When a company in Turkey enters financial distress, the legal risk landscape changes fast. Decisions that would be normal in good times—paying one supplier first, selling assets quickly, taking new orders, borrowing short-term—can become high-risk if insolvency is looming. For foreign-owned companies, this “danger zone” is even more sensitive because documentation gaps, related-party payments, or informal governance can quickly become dispute fuel.
This guide explains director and manager duties in financial distress in Turkey: what the risk triggers are, what behaviors create exposure, and what practical steps management should take to protect the company and themselves before insolvency procedures (bankruptcy or concordat) become inevitable.
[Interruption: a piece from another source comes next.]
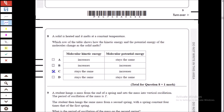Here we have a solid melting at constant temperature. Since temperature is constant, kinetic energy also remains constant, so our answer is C or D. As the object melts, particles start to move around and gain energy. The extra energy supplied does not increase kinetic energy — it increases molecular potential energy instead, allowing particles to overcome intermolecular forces. Therefore potential energy increases and C is the answer.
1) The “Financial Distress Zone”: When Normal Decisions Become Risky
Financial distress is not only “no cash.” It’s when the company’s obligations and liquidity no longer match in a sustainable way. Typical signs include:
- persistent inability to pay debts on time,
- repeated restructuring of short-term debt just to survive,
- uncontrolled creditor enforcement threats,
- tax/SGK arrears increasing month by month,
- suppliers refusing delivery without upfront payment.
At this stage, the key management duty is structured, documented crisis governance.
2) The Highest-Risk Behaviors (What Management Must Avoid)
A) Preferential Payments and Insider Favoritism
Paying certain creditors first can trigger serious disputes, especially if the paid parties are:
- related entities,
- shareholder-linked suppliers,
- insiders.
Best practice: adopt a transparent payment strategy and document the commercial reason for each major payment.
B) Asset Transfers That Look Like “Value Leakage”
Selling assets quickly can be necessary—but if the sale looks like:
- undervalue pricing,
- related-party sale,
- rushed transfer without documentation,
it can later be attacked.
Best practice: keep valuation evidence, competitive offers if possible, and written approvals.
C) Taking New Obligations When Insolvency Is Obvious
Continuing to sign major contracts, borrow, or guarantee obligations can create allegations of reckless continuation.
Best practice: freeze major new obligations until a restructuring plan is in place.
D) Weak Recordkeeping and Hidden Reality
In distress, every missing record becomes a liability problem:
- missing board/shareholder approvals,
- undocumented loans,
- informal cash movements,
- unclear related-party arrangements.
Best practice: stop informal payments, formalize arrangements, and create a clean evidence file.
3) What Management Should Do Immediately (Practical Crisis Plan)
Step 1: Build a 13-Week Cashflow Forecast
Short-term cash forecasting is the core tool in distress. It helps management decide:
- which payments are critical for survival,
- what creditor negotiations are needed,
- whether concordat is realistic.
Step 2: Implement Emergency Payment Controls
- dual approvals above a threshold,
- no payments without invoice/contract basis,
- centralized control of bank access,
- daily cash reporting.
Step 3: Map Creditors and Prioritize “Business-Critical” Relationships
Create a creditor list:
- amount owed,
- enforcement risk,
- operational impact (supplies, utilities, key tech vendors).
Then negotiate with the critical ones early.
Step 4: Stop Related-Party Value Transfers
Even legitimate intercompany payments become suspicious if not documented. During distress:
- avoid new related-party payments unless essential and documented,
- ensure arm’s length logic,
- obtain approvals and keep evidence.
Step 5: Create a Distress Governance File
Keep a structured archive:
- management/board minutes,
- payment logs and approvals,
- creditor communications,
- asset sale valuations,
- compliance filings.
If a dispute arises later, this file becomes your defense.
4) Choosing the Right Legal Path Early: Restructuring vs Insolvency
Management should evaluate:
- Can the business survive with a payment plan? → concordat may be an option
- Is the business no longer viable? → bankruptcy/liquidation risk becomes central
The earlier management chooses a structured path, the more credibility it has with creditors and the court.
5) Tax and SGK: Don’t Let Compliance Collapse in Distress
A common mistake is treating compliance as “secondary” during a cash crisis. But tax/SGK arrears:
- increase penalties and interest,
- attract enforcement pressure,
- create reputational and operational friction,
- make concordat/banking harder.
Best practice: keep compliance alive—even if payments must be negotiated and structured.
6) Communication Strategy: Creditor Trust Is an Asset
In distress, trust is a currency. Management should:
- communicate early with key creditors,
- provide realistic proposals (not promises),
- document agreements and keep consistent payment behavior.
Chaotic communication makes creditors more aggressive and reduces restructuring options.
FAQ
What is the biggest legal risk for directors/managers in distress in Turkey?
Preferential payments, undervalue asset transfers, and weak documentation are among the most common triggers for disputes and allegations.
Should the company immediately file for concordat?
Not always. Concordat is powerful, but it requires credible financial data and a realistic plan. If preparation is weak, filing too early can fail.
Can strong governance actually help in insolvency disputes?
Yes. Clean records and documented decision-making often determine whether management is seen as responsible or reckless.